> Problem requirements: The whole listing that follows is to be restated word for word, images excluded.

> Dataset excerpt:
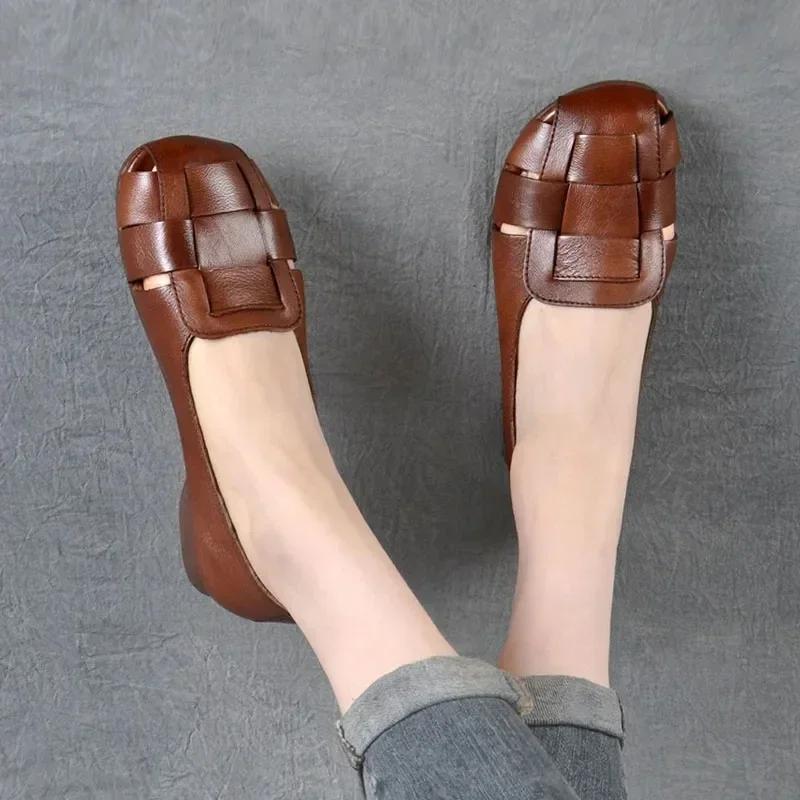 Fashion Hot Selling Summer 2025 Hot Seller New Retro Fashion All-match Flat Roman Shoes Soft Sole Bun Toe Sandals with Mom Shoes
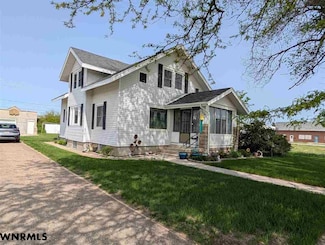 204 S Oak St, Kimball, NE 69145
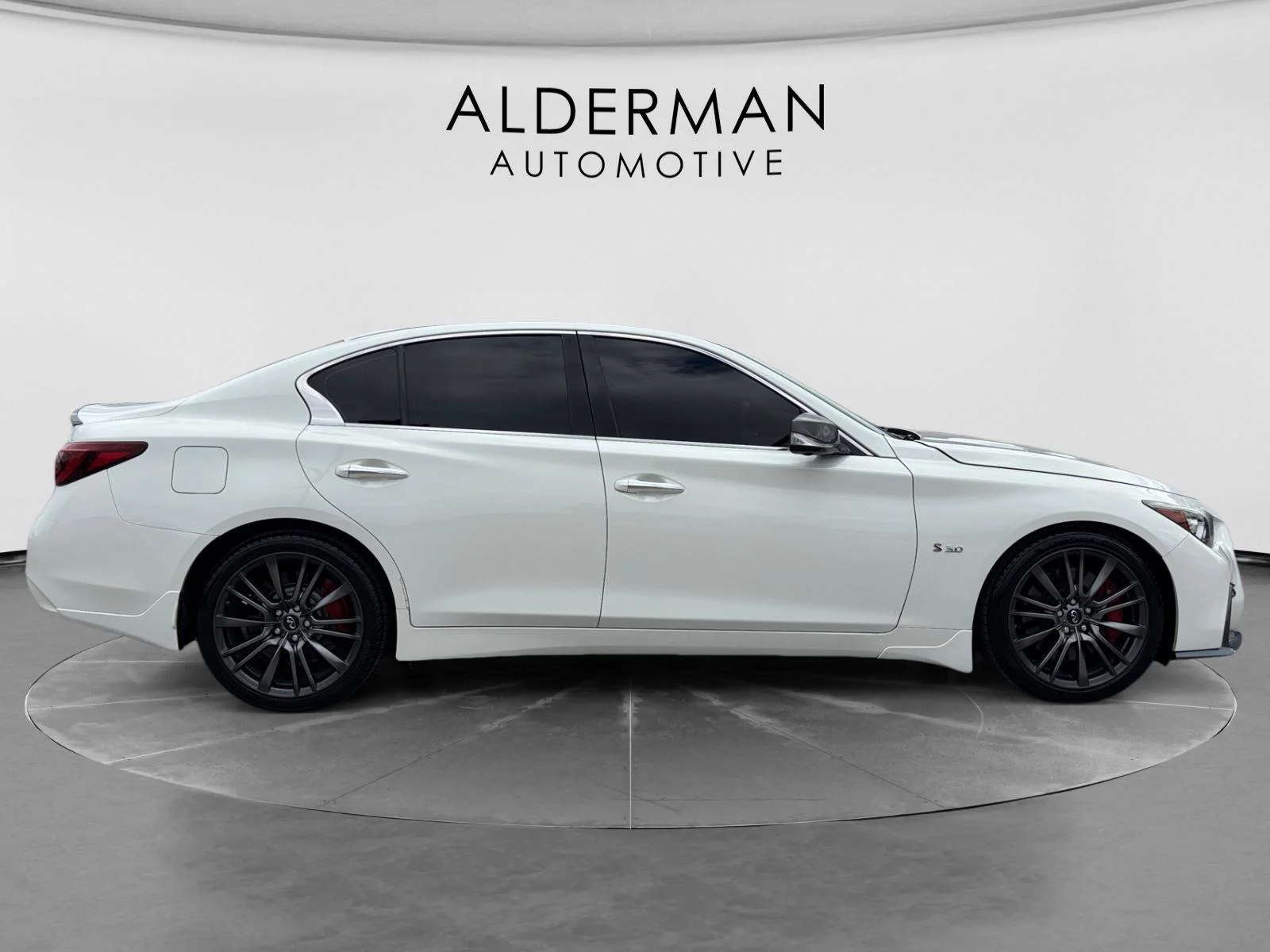 Used 2018 Pure White INFINITI RED SPORT 400 image 6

> Task response:
 Fashion Hot Selling Summer 2025 Hot Seller New Retro Fashion All-match Flat Roman Shoes Soft Sole Bun Toe Sandals with Mom Shoes
 204 S Oak St, Kimball, NE 69145
 Used 2018 Pure White INFINITI RED SPORT 400 image 6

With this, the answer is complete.